How A Chameleon Leader May Operate
Caroline was an exceptional results-oriented executive who had proven herself in a male dominated industry. As she rose in the ranks, she often was perceived as an “operator” who could gain recognition at the expense of colleagues. In her own team, she was viewed as supportive to those who validated her expertise and accomplishments. She would mentor and coach to help other leaders succeed, especially if their goals were compatible with her own. However, if challenged within her team in areas she preferred to control, she would reject ideas, retreat from collaboration, and even isolate team members who were independent thinkers from the rest of her team.
Caroline played the long game when it came to developing team members, adding leaders she felt compatible with her control and agenda to her team while sending perceived challengers to other teams and departments. Caroline’s team performance added significant value to the organization, however, her inconsistent treatment of talent to achieve her own agenda was a risk to the organizational culture. Leaders on the receiving end of her manipulation and dominance would leave the organization. While Caroline was undeterred with such departures, others in the organization saw this loss of talent as unnecessary and counterproductive to building a culture of trust and mutual success.
Leaders may exhibit only some of these behaviors depending on the dynamics within the team, the effectiveness of other team members, and the goals of the leader who exhibits extreme trust-busting behavior. Also important to recognize is that a trust-busting leader may compartmentalize their relationships so that in some spheres of their work/lives, relationships are positive and effective, while others may not be effective. For example, a leader may seek control in their work team and environment, but not in social or familial situations. Or they may be authoritative in their primary leadership of a team yet appear collaborative in other professional settings and organizations. Or they may lead upwards within an organization with exceptional relationships yet dominate their own team.
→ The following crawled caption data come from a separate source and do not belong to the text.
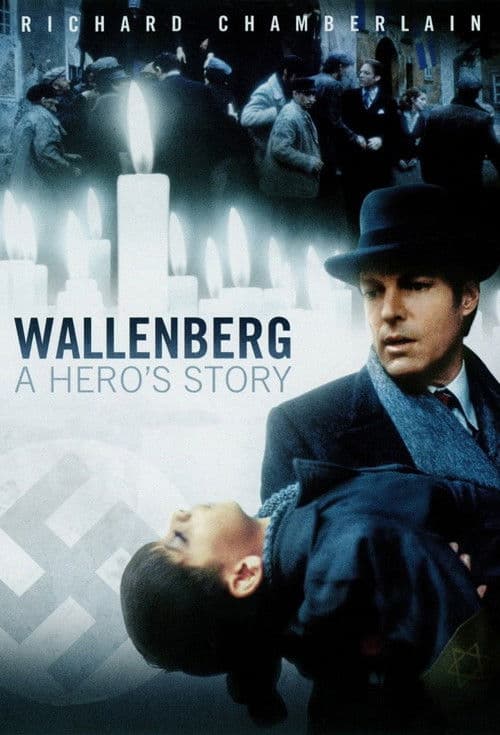 Wallenberg: A Hero's Story Season 1 poster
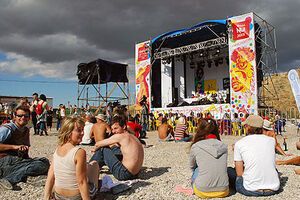 После оккупации Крыма фестиваль Koktebel Jazz переехал в Затоку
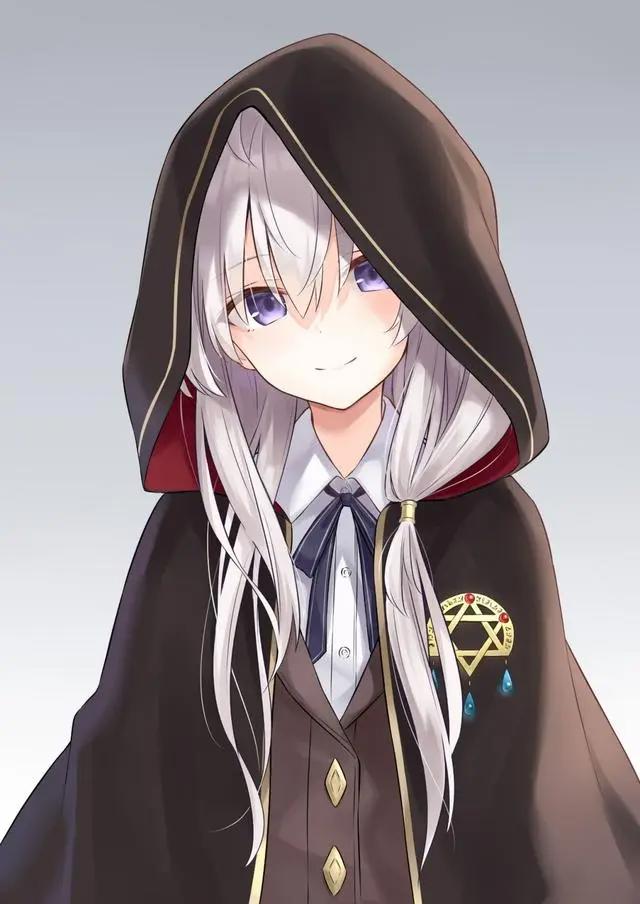 ACG二次元美图精选：伊蕾娜
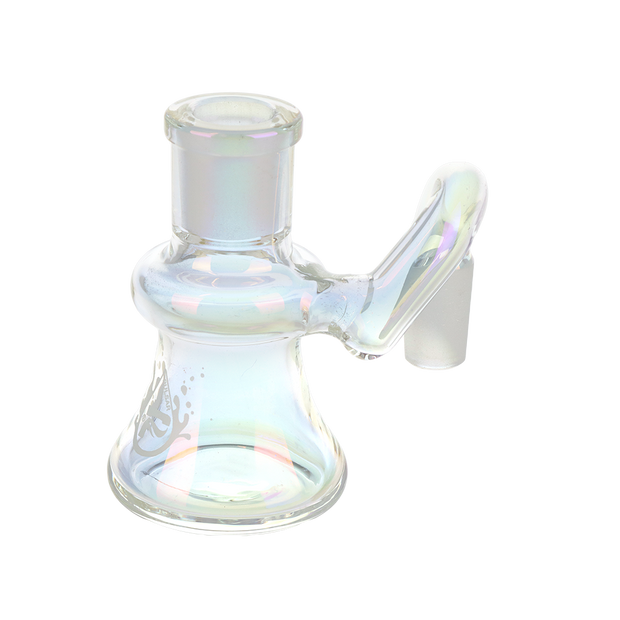 Pulsar Electroplated Dropdown Ash Catcher | Clear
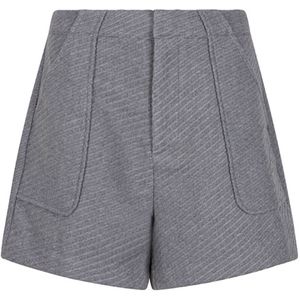 Lofty Manner - Short Clara - Grijs - Korte Broek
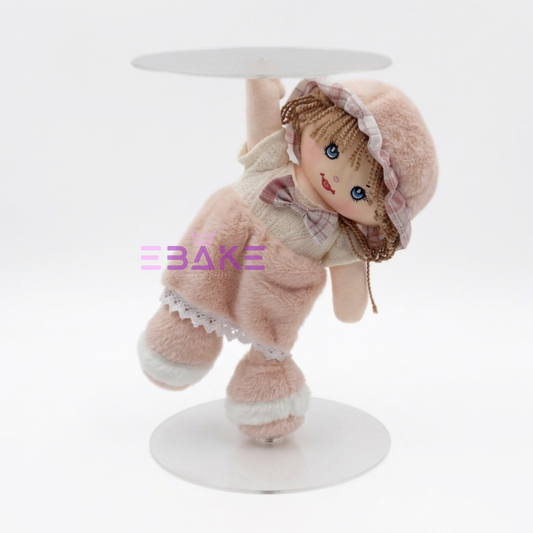 Doll Cake Spacer / Cake Stand / Anti Gravity Cake Stand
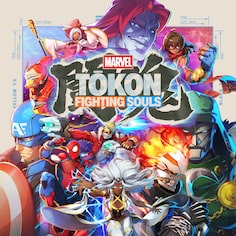 MARVEL Tōkon Fighting Souls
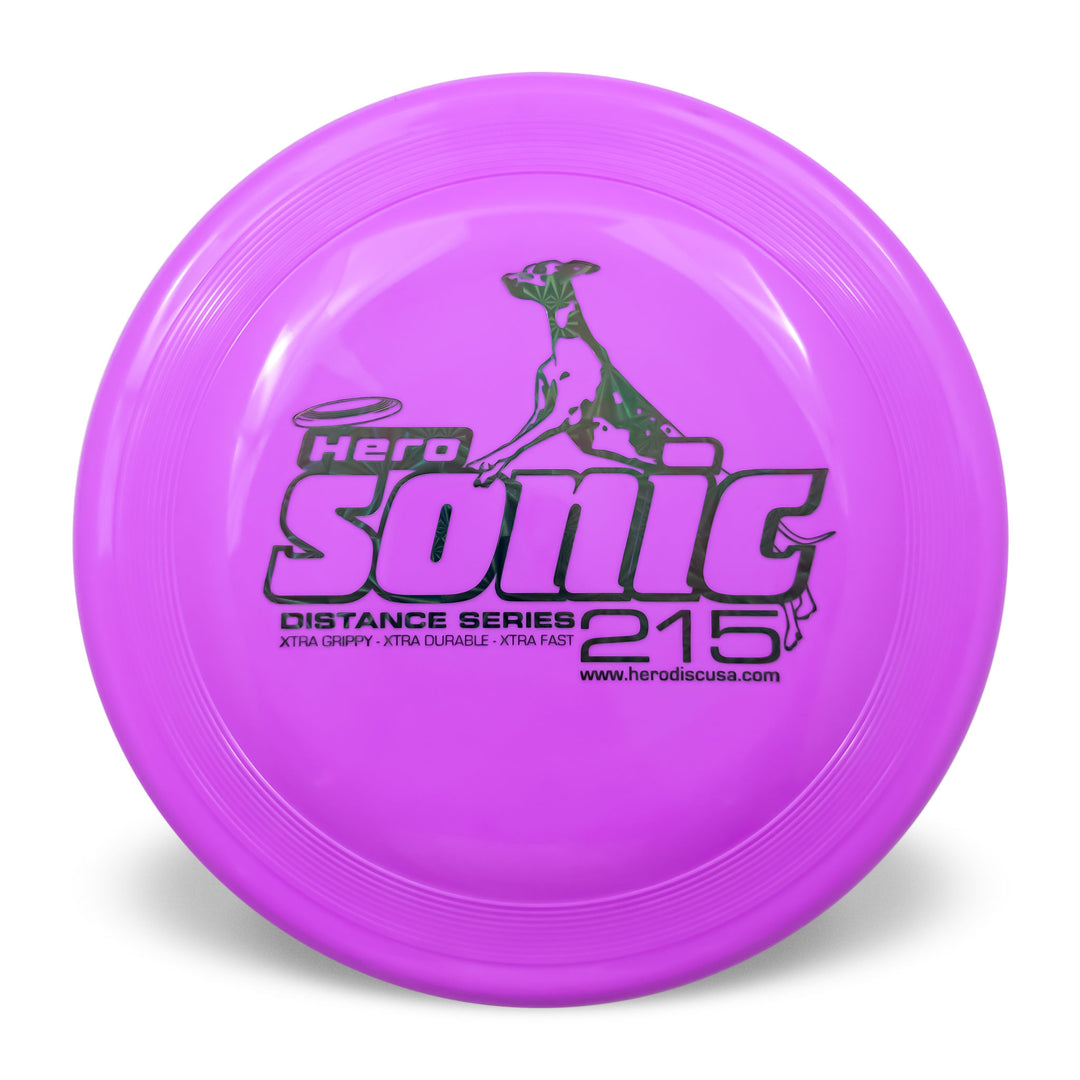 Sonic Xtra 215 Distance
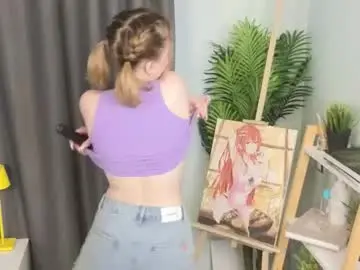 Chaturbate Adult Webcam of juliettakaniecki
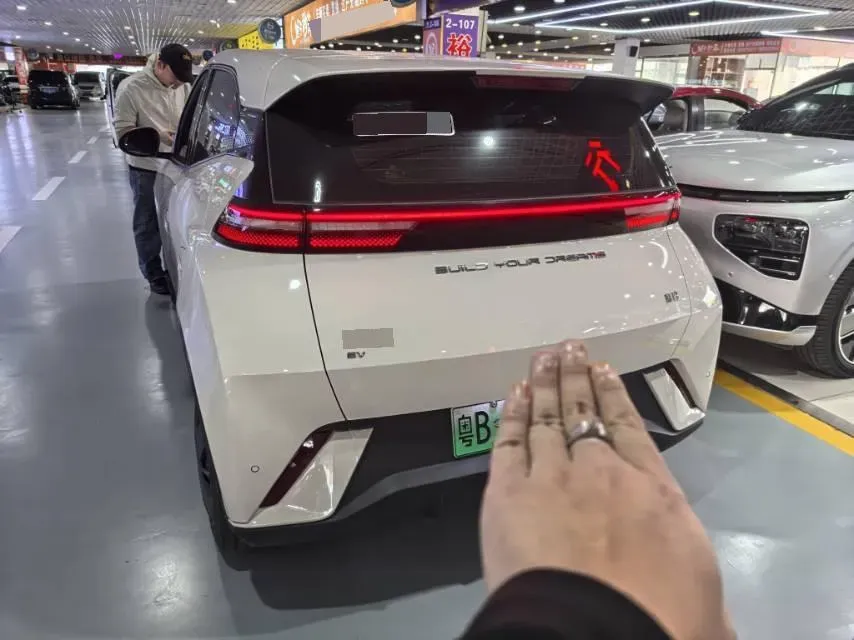 2023 BYD Seagull BEV 30.08KWH,autocango,china used car exporter,china ev exporter,chinese used car exporter,chinese used ev exporter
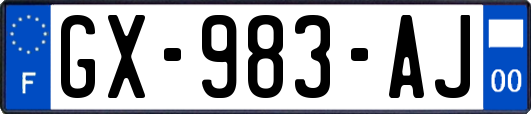 GX-983-AJ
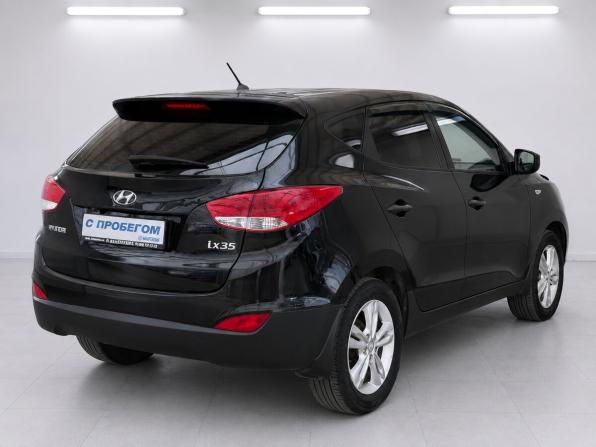 Hyundai ix35 I с пробегом 2013 года, цена 950 000 рублей, 219059 км, внедорожник, Автокод Объявления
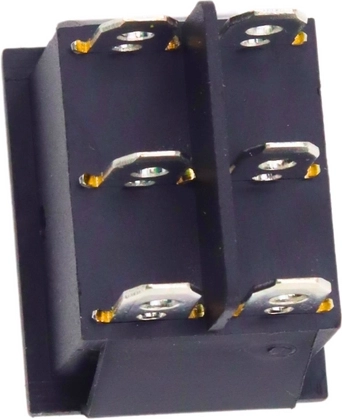 Spoľahlivé spínanie obvodov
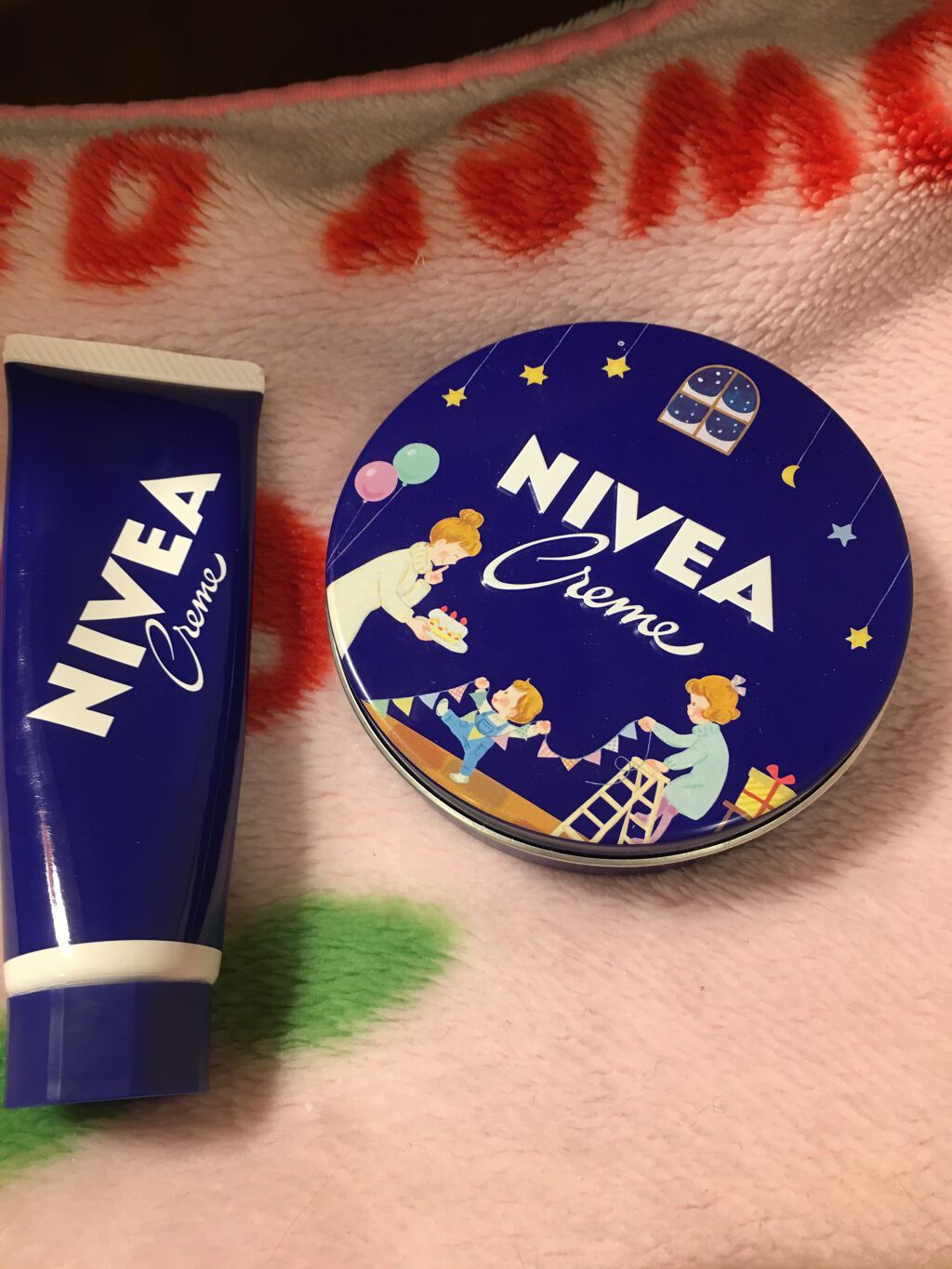 ニベアクリーム/ニベア/ボディクリームを使ったクチコミ(2枚目)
These differences in leadership approach and relationships are usually very strategic to ensure their own success; like a chameleon they can adapt their relationships to optimize their own goals.
Master Trust Builders
The reverse of trust-busting leadership is servant leadership. Robert Greenleaf coined the servant as leader in 1970: “A servant-leader focuses primarily on the growth and well-being of people and the communities to which they belong. While traditional leadership generally involves the accumulation and exercise of power by one at the ‘top of the organizational pyramid,’ servant leadership is different. The servant-leader shares power, puts the needs of others first and helps people develop and perform as highly as possible.”
The best model of servant leader is Jesus who said in Matthew 20:16: “The last will be first, and the first will be last, because many are called, but few are chosen.” And in Matthew 6:21 Jesus said, “Where your treasure is, there your heart will be also.” By putting others first, by treasuring the value of the whole team or organization, a leader transforms his/her heart and in so doing changes how he/she interacts with others becoming a trust builder.
Author of Leading from the Heart, Coach Mike Krzyzewski, one of the best coaches in the history of basketball and professor of leadership at Duke’s Fuqua School of Business, shared the secret to his success and that of his teams and students: “It is as a humble servant that leaders create an environment in which relationships are paramount. An environment or culture that is transparent, cares, develops others, uses abilities collectively for the entire team/organization, and views every role as vital for accomplishing something bigger than each person ensures success individually and for the organization.”4
The Heart of Transformation
Leaders who struggle to build trust or whom others find challenging to trust, can change with professional coaching/counseling support. A trust-busting leader must be willing to change from the inside out. True transformation starts in the heart. What controls your heart motivations? Is your motivation pride or humility, self or others, superiority or servanthood? Leaders who are receptive to coaching/counseling have hope for restoring trust, building mutually positive relationships, transforming organizations, and healing their own heart and the hearts of those whom their trust-busting behaviors hurt. Take the initiative to be a trust builder and support leaders who are trust busters willing to change so they too can develop and contribute to a culture of cohesiveness, respect, excellence, collaboration, and trust.
- Patrick Lencioni, The 5 Dysfunctions of a Team, Table Group
- Walker, Jason, The Dark Empath: The Hidden Danger Behind Emotional Intelligence, Forbes, Leadership Strategy, November 18, 2024
- Hassan, Steven PhD, BITE Model of Authoritarian Control, Freedom of Mind Resource Center, 2024
- Bigman, Dan, How Coach K Does It, Chief Executive, Winter, 2025.